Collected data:
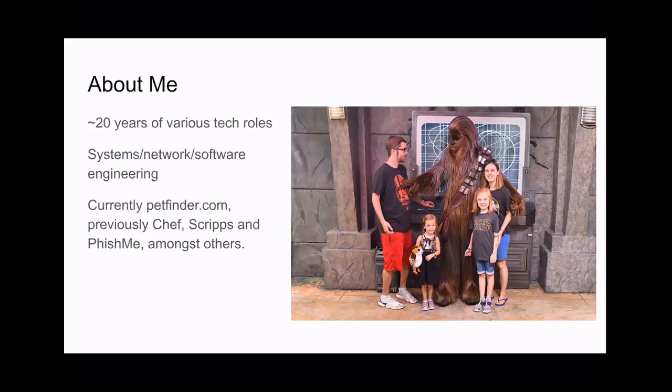Coming up on 20 years in various tech roles, tech support up through systems, software network engineering. I'm currently at petfinder.com. I work with Mr. Johnson here in the red shirt, supporting petfinder.com doing system engineering. Before that, I spent two and a half years at Chef. A couple of jobs before that was at Scripps for a couple of years before the discovery swoop in. FishMe is a security oriented SaaS company. And a bunch of other places way back in the machine.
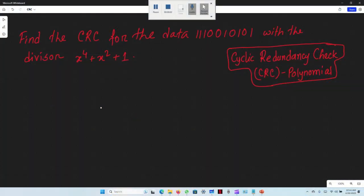Assalamu alaikum everyone. Data Communication is the topic. We have a polynomial equation for a basic CRC check.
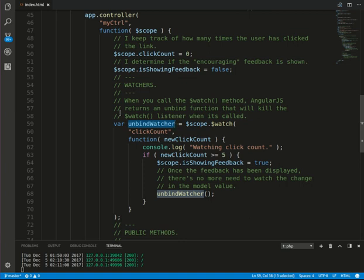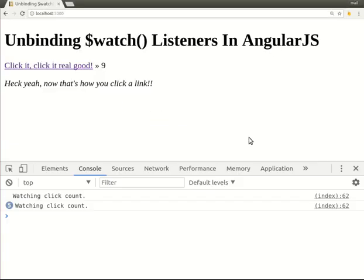Sometimes you need to unregister the watch listener in some cases. Okay, that's it. Thank you for your watching.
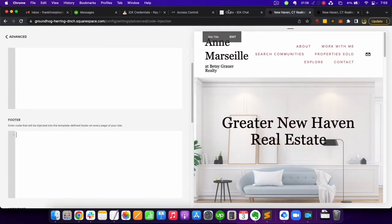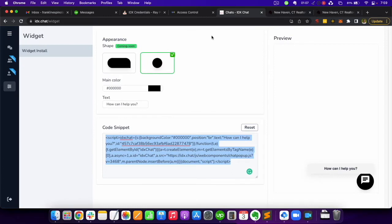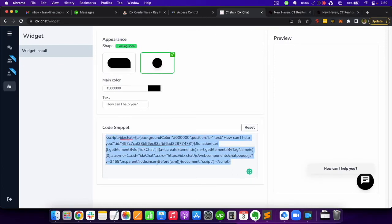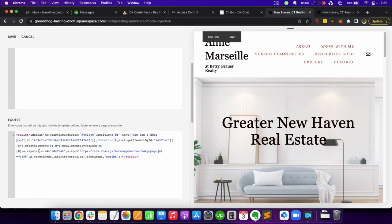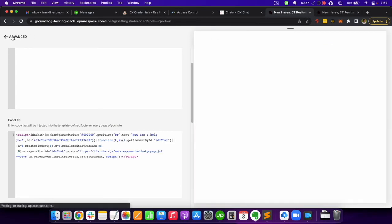You will place the code in this footer section, so go back to IDX Chat, copy this code and paste it in the footer section. Click on save.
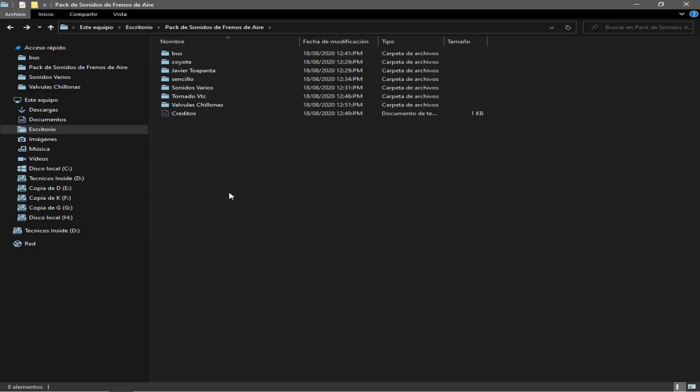Yo creo que más vamos a utilizar los de Javier Tobapanta y quizá los del Tornado, no lo sé, pero bueno, ya les digo, buena onda, por favor. Eso es lo único que les pido y cuídense bastante, que estén muy bien, nos vemos en la próxima, adiós.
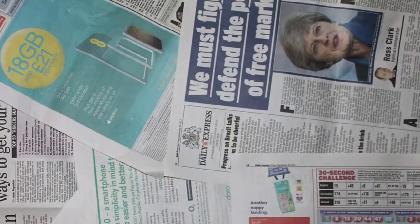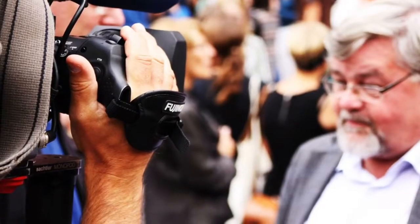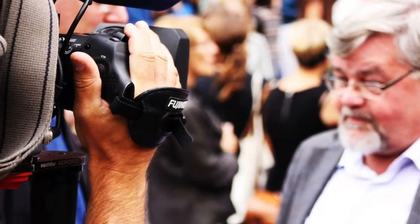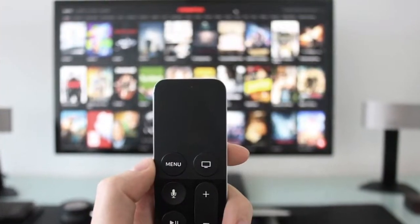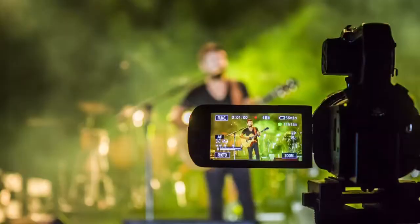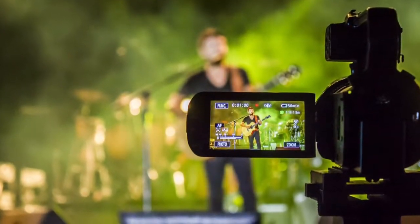This subject will really appeal to those who want a deeper look at how the media influences our daily lives. For example, how it affects our politics, how it affects the products that we buy and even the products that we watch, such as our TV, our film and our music videos.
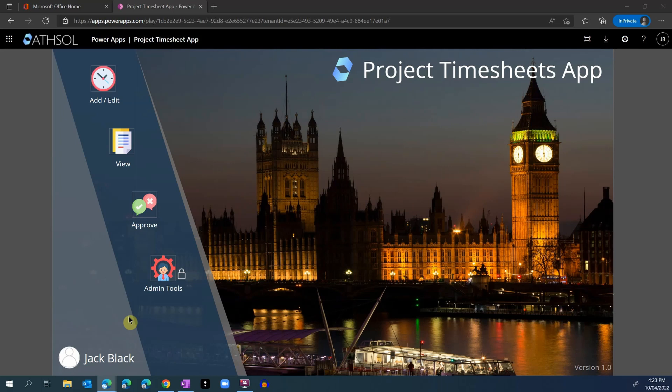Hello, my name is Asif Khwaja from ATH Business Solutions. Today we are excited to show you our new Timesheet Power App called Project Timesheets App. We have built this with Microsoft Power Platform, including Power Apps and SharePoint Online.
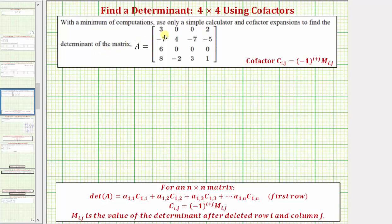With a minimum of computations, we want to use the cofactor expansion method to find the value of the determinant of matrix A. Notice matrix A is a four by four matrix. To minimize the number of computations, we want to form the cofactor expansion using the row with the most zeros.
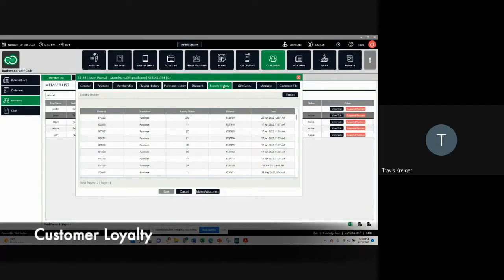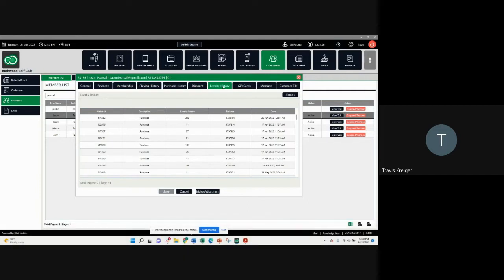For courses or clubs that do not have member charging recurrent billing and are more of a seasonal pass holder, to incentivize them a little more to get more play and more spend out of them, you can utilize a loyalty program within our software.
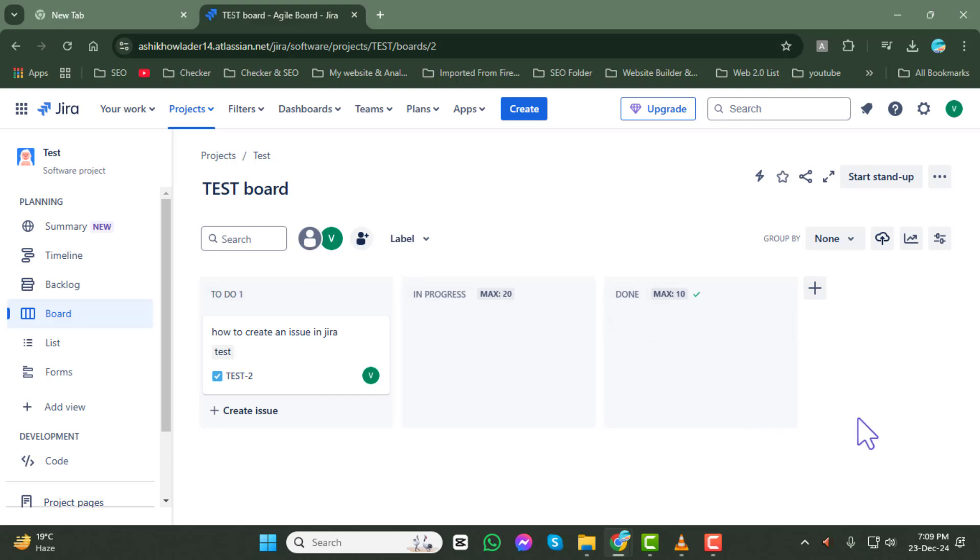Step 5. Look for the start stand-up option, usually located at the top or side of the board. Click on it to begin the process.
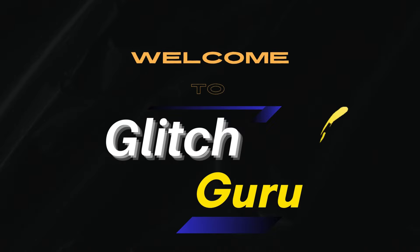Hi guys, welcome to Glitch Guru. In this video, we'll show you what to do if the microphone is not working on your Windows 11 computer or laptop.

§ **Exercise brief**:
Copy the lines above between the one holding "Yo creo que" and the one holding "This subject will", inclusive. Drop the pictures.

§ **Solution to the problem**:
Yo creo que más vamos a utilizar los de Javier Tobapanta y quizá los del Tornado, no lo sé, pero bueno, ya les digo, buena onda, por favor. Eso es lo único que les pido y cuídense bastante, que estén muy bien, nos vemos en la próxima, adiós.
This subject will really appeal to those who want a deeper look at how the media influences our daily lives. For example, how it affects our politics, how it affects the products that we buy and even the products that we watch, such as our TV, our film and our music videos.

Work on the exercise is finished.